Não duvide, aconteceu na Bahia


Pense naquele momento que tudo o que você quer é... silêncio.  De repente, na frente de todos, um rascunho de madame tira o celular da bolsa e faz uma ligação.
– Oi, prima! Que dia vem me visitar?
– (a prima fala)
– Sim. Me visitar e conhecer a Tarsila. A Tarsila do Amaral. Ela chegou hoje. Mas meu marido não sabe de nada ainda. Acho que ele vai me matar quando entrar em casa.
– (a prima fala)
– Pois é, prima (...) ele me tirou daquela casa de três quartos, então, agora, se eu quiser colocar a Tarsila na cama, ele vai ter quer aguentar. A partir de hoje somos nós três – eu, ele e a Tarsila. Já comprei até roupinhas pra ela. Ela é uma graciiiinha!... Venha, prima! Talvez com a sua presença ele nem blasfeme tanto. E a Tarsila não corra o risco de ser despejada.

 (risos abafados no recinto)

– (a prima fala)
– Você achou o nome estranho, foi? É não, prima! É a Tarsila do Amaral... Coisa moderna e famosa. Um ex-vizinho meu tem um cãozinho chamado Gregório de Matos! Que você acha?
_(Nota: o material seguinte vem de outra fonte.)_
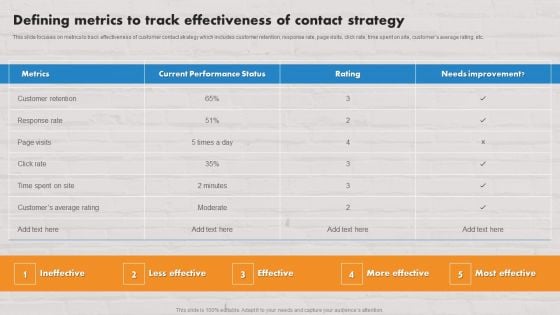 Customer Service Plan To Improve Sales Defining Metrics To Track Effectiveness Of Contact Strategy Template PDF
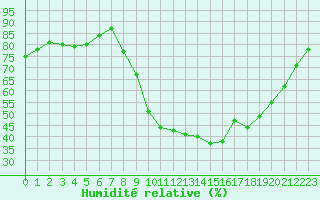 Courbe de l'humidit relative pour Thoiras (30)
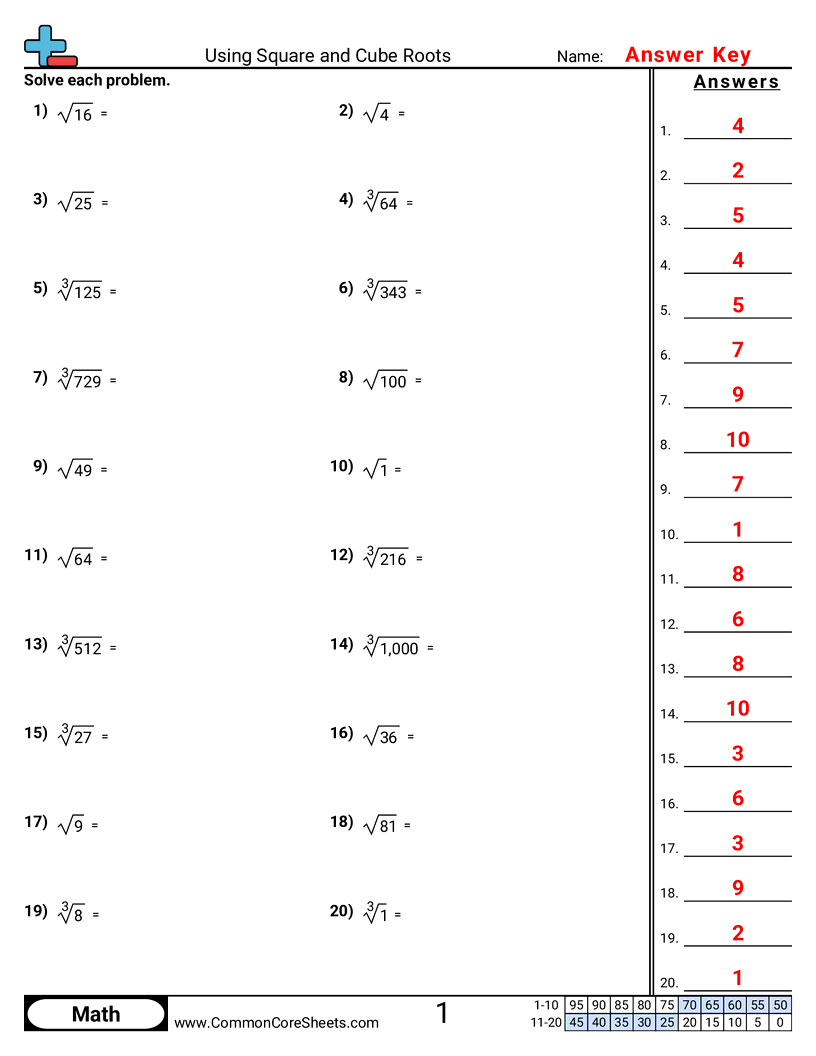 Related worksheet
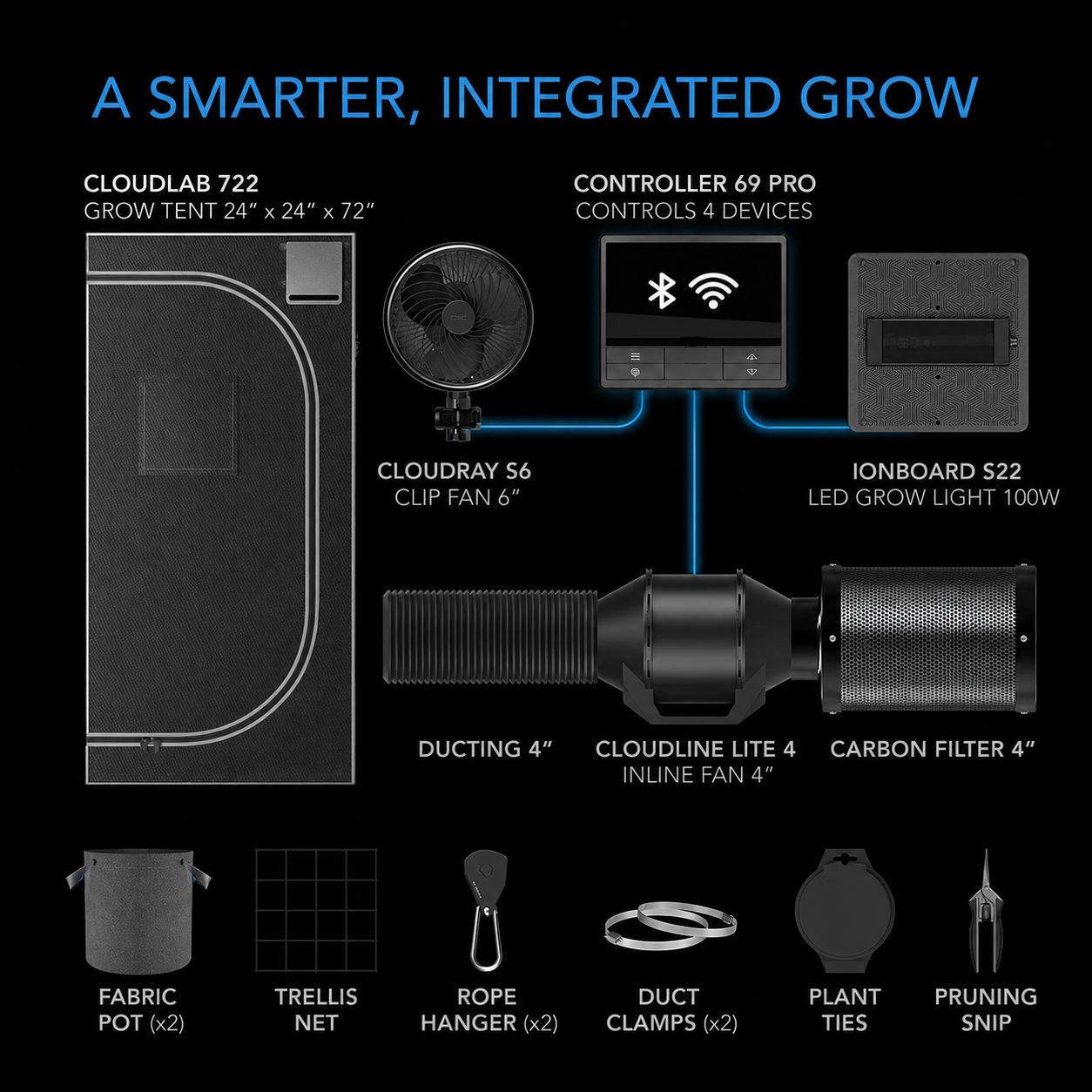Greenhaus Gardening Complete Grow Tent Setup for Herbs, Flowers & Vegetables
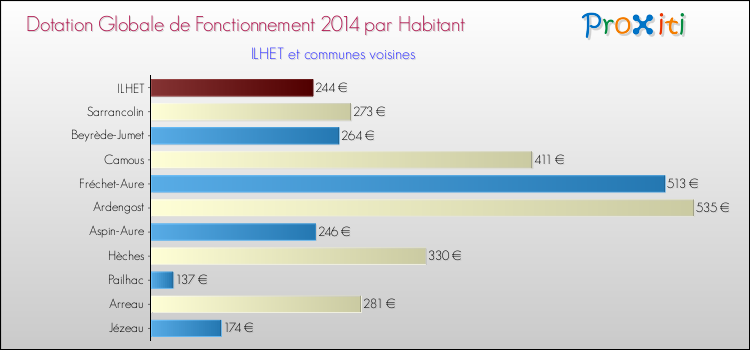 Montant des dotations globales de fonctionnement DGF par Habitant pour ILHET et les communes proches en 2014. Comparaison des des dotations globales de fonctionnement DGF par habitant pour ILHET et les communes voisines en 2014.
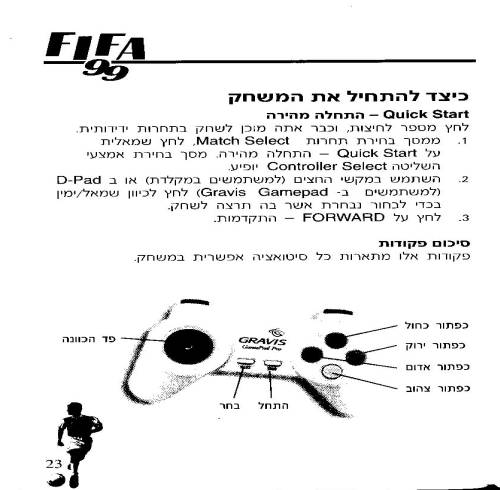 תמונה מתוך המדריך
É um nome forte, não é?  Eu já ouvi falar desse cara...

(a ligação cai)

Ela liga para uma amiga

– Amiga! Estou convidando meus amigos pra me fazerem uma visita e conhecer a Tarsila do Amaral. Também vou convidar um amigo nosso. Vou pedir pra ele trazer o Gregório de Matos, o cãozinho dele. Acho que a Tarsila vai gostar... O que você acha?

– (a amiga fala)
– Você está rindo? É verdade. Olha, esse Gregório de Matos é famoso. Esse cara parece que é da alta sociedade. Eu já ouvi muita gente falar dele... Parece que ele é do meio político.

(novamente, a ligação cai)

Ela tenta nova chamada sem sucesso. Já meio irritada, se vira para todos ali presentes, como se quisesse atenção, e faz o seu desabafo:
– Que povo estranho! Eu ligo pra falar da Tarsila do Amaral e ninguém se interessa. Não é qualquer uma, não! É Tarsila do Amaral... A famosa!...

Naquele instante, olhares e mais olhares se entrecruzaram. O silêncio era sepulcral. 

Quanto ao Gregório de Matos (1636-1696), talvez não o incomodasse tanto o fato de terem tomado o seu nome de empréstimo para um inocente cão. Porém, com certeza, lhe causaria um tremendo mal-estar (lá no túmulo) ao ser confundido com um político qualquer e, principalmente, atual. Ele, um intelectual baiano, que se inseriu na literatura barroca e tornou-se expoente da poesia satírica, devido a sua crítica ácida à sociedade da época, ficou conhecido como o“Boca do Inferno”. Não é de se estranhar que ele tivesse admiração pelos animais de quatro patas.